WHAT IS NEEDED: Among the entries below, extract exactly the lines that run from the one with "Afrikanischer Fettschwanzgecko - Hemitheconyx" through the one with "Lost Male Dog", both ends included.

STORED DATA:
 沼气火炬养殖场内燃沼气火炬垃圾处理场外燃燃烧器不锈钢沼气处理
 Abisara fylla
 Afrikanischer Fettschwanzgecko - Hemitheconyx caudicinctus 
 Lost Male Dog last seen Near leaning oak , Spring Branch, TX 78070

--

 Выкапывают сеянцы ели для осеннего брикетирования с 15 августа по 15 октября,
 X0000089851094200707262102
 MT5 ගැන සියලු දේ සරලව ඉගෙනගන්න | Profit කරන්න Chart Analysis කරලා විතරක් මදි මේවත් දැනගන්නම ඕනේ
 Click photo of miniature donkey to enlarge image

RESPONSE AREA:
 Afrikanischer Fettschwanzgecko - Hemitheconyx caudicinctus 
 Lost Male Dog last seen Near leaning oak , Spring Branch, TX 78070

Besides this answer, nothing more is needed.